At the same time, slicing brings a set of benefits that in my opinion are all consequences of short development and release cycles. Instead of building the complete feature, we can develop a slice, release it and get fast feedback from real users. Small releases are less risky and in most cases are easier to develop. Of course, this does not come for free. Some investment is required. Feature toggles and continuous delivery infrastructure are key practices for supporting a flexible slicing strategy with smooth releases.
The mob programming practice was extremely useful during the first couple of iterations. It allowed us to establish a solid and unified way of coding. Later in the project we identified some specific situations where pair programming or even solo programming were more appropriate. For example, the tasks related to fine-grained UI adjustments (css work) were more appropriate for solo programming because they didn’t provide much new knowledge for the team while at the same time they required several cycles of “trial and error” to make the UI element looked/behaved according to what the team had agreed on with the Product Owner.
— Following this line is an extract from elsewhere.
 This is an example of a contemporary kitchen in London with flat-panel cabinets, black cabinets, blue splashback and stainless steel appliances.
At the same time there were some things that didn’t go according to my expectations. One of them was the T-Shaped people strategy. My sense was that most of the backend developers gained some front development skills, but I felt that frontend developers were reluctant to put hands on the backend code. My expectation was that all developers in the team would be able to take any story and develop it from end to end. But maybe the fact that this didn’t go as I expected was not bad. I mean, the T-Shaped people strategy was not the objective; it was a way to avoid delays because of lack of enough people with a specific skill. But during my time with the team we never suffered that kind of delays.
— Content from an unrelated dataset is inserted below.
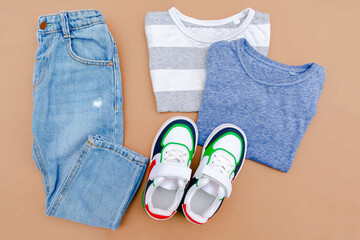 Baby sneakers,t shirt and jeans pants. Set of children's clothes and accessories for spring, autumn or summer. Fashion kids outfit,clothing on beige brown background. Flat lay, top view, overhead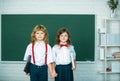 School friends. Two school kids, girl and boy holding hands going at school class in first class. Royalty Free Stock Photo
As for slicing, at a certain point, the Product Owner and UX Designer were so happy with this strategy that they started to create slices on their own without involving any developer in the slicing activity. This didn’t go well and we found ourselves in the planning meeting dealing with slices that:
- Were not viable because of technical restrictions, or
- Some slices that were so technically complex that it was easier and faster to implement the whole feature at once instead of the individual slices
For example, there was a feature that implied interacting with a service developed by another team. The Product Owner and UX designer sliced the feature into several slices, each of them adding new data/fields to the operation. From the UI perspective those slices were ok but from the data model that was not possible because the external service required all that data.. The key learning here was that you need at least one developer actively involved in any slicing activity.
Another important learning was that when slicing features into stories, the resulting stories usually build one onto another, establishing a certain level of dependencies between them forcing an implementation sequence. Of course it would be great to have totally independent stories and it is ok to work toward that ideal, but in practice that may not be possible. So the dilemma may be: either define big independent stories or small, less risky, not so independent and releasable stories.
This is the end of my report and you may be wondering, “Where is the imagination part mentioned in the title?” Well, maybe “imagination” was not exactly the best term to use. What I was trying to express is that slicing may require you to think a bit out-of-the-box and to use your imagination, which can be a challenge for those of us with an engineering background. But trust me, that thinking can have a wonderful impact on the ability to incrementally deliver business value.
First of all I want to thank all the people that were part of the team, it was a great experience working together.
I also want to thank Marcelo, the manager of the bank who invited me to join this project.
Rebecca Wirfs-Brock was my shepherd to write this experience; her feedback and guidance was very helpful to complete this report. Like we say in Argentina: ¡Gracias Totales!